The explanation for all three, sitting in the anatomy of the brainstem, has been known for decades. The convergence of cervical and trigeminal sensory pathways in a small region of the brainstem — the trigeminocervical nucleus — is one of the most clinically important pieces of neuroanatomy in musculoskeletal medicine. Understanding it changes how you read a headache, a jaw complaint, a dizzy patient, and a stiff neck. It also explains why treating only the structure that hurts is so often insufficient.
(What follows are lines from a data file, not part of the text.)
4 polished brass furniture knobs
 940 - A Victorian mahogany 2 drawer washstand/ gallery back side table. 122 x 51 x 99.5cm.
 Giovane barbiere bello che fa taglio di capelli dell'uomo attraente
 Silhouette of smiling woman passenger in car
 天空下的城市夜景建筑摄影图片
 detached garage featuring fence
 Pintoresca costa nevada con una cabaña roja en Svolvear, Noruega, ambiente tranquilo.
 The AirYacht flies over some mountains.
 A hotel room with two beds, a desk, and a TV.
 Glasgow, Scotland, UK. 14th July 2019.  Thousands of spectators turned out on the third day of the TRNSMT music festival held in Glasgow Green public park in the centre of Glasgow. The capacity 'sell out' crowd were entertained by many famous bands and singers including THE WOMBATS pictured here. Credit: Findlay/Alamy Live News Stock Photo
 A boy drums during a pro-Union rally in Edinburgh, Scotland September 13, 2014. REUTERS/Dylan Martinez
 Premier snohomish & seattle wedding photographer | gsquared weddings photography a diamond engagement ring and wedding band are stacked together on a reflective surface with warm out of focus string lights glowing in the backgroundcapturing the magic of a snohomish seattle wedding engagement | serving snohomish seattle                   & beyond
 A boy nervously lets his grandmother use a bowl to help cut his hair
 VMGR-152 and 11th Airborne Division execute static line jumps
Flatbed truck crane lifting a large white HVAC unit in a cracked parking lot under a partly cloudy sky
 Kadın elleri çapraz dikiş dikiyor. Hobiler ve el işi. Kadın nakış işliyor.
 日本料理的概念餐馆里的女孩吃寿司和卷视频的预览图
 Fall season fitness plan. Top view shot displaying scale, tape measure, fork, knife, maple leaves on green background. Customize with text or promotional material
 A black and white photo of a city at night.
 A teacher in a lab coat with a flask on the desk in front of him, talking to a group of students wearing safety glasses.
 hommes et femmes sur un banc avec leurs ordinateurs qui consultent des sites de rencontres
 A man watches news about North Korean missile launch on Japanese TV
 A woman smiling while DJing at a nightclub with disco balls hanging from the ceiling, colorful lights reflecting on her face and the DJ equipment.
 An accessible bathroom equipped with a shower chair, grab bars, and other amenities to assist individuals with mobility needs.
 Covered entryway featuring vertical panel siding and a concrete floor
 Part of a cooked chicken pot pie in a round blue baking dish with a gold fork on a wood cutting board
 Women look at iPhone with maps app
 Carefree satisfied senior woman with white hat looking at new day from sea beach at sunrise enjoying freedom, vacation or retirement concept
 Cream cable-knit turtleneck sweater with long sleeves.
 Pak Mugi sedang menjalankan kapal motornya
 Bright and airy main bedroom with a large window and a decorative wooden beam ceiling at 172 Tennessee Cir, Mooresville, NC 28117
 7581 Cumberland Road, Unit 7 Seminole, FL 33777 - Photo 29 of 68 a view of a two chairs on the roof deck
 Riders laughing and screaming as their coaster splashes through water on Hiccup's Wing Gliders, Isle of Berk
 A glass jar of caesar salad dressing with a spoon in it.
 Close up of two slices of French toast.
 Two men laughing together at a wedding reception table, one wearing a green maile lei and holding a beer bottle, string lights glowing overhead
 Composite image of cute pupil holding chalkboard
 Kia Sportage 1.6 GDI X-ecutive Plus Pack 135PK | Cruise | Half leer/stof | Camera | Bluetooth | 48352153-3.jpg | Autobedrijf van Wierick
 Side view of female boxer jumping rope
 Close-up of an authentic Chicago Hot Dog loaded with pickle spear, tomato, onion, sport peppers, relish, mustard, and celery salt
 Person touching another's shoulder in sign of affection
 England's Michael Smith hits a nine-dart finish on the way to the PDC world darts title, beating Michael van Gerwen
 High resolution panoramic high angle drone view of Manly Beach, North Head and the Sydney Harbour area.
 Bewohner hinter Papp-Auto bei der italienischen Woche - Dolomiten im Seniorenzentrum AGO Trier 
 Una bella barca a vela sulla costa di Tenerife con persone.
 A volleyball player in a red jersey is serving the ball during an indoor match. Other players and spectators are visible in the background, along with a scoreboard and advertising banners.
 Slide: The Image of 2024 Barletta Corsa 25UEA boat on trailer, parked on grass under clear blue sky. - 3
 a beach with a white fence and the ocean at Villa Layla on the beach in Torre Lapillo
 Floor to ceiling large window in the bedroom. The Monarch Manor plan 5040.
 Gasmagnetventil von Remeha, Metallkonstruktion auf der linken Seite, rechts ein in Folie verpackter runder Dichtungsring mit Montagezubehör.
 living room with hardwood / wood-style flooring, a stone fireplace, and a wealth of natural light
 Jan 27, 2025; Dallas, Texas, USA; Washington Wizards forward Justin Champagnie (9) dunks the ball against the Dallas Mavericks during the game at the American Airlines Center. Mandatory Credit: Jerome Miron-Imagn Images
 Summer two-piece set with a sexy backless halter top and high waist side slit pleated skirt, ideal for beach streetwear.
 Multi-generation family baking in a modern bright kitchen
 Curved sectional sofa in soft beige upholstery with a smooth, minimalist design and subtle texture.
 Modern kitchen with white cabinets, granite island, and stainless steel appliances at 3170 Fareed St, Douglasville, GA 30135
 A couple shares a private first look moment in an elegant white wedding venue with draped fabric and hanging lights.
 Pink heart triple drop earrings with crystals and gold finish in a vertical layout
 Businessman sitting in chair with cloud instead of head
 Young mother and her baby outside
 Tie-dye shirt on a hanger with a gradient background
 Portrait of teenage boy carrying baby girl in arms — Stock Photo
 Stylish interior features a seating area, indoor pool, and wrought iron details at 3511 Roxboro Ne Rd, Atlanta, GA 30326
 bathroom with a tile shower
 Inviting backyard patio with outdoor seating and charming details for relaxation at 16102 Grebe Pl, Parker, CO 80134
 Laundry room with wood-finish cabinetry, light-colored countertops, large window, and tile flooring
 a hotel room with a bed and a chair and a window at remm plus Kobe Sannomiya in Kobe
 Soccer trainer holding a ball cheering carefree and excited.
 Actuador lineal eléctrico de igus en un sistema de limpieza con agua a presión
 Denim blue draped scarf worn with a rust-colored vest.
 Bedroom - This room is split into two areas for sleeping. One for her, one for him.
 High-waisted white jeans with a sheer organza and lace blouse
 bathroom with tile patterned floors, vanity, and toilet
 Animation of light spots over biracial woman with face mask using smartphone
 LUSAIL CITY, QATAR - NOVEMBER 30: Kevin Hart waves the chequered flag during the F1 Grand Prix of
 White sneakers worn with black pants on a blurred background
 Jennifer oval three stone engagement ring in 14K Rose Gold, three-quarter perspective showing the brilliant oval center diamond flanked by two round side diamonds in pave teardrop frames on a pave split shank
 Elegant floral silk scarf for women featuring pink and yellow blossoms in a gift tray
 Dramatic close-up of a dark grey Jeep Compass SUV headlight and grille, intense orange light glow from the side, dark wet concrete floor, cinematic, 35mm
For a deeper look at the neuroscience behind these connections — including the vestibulocerebellar pathway and what two 2025 research papers revealed — see our Evidence Series post: The Brainstem Blueprint.
The Trigeminocervical Nucleus: Where the Neck Meets the Head
The trigeminal nerve (cranial nerve V) is the primary sensory nerve of the face, scalp, jaw, and — critically — the meninges, the membrane that wraps the brain. Pain signals from the face, teeth, jaw muscles, temporomandibular joint, forehead, and dura all travel via the trigeminal nerve to the brainstem.
At the same time, sensory afferents from the upper cervical spine — the joints, muscles, and fascia of C1, C2, and C3 — travel via the upper cervical dorsal horn into the same region of the brainstem: the trigeminocervical nucleus, also called the trigeminocervical complex.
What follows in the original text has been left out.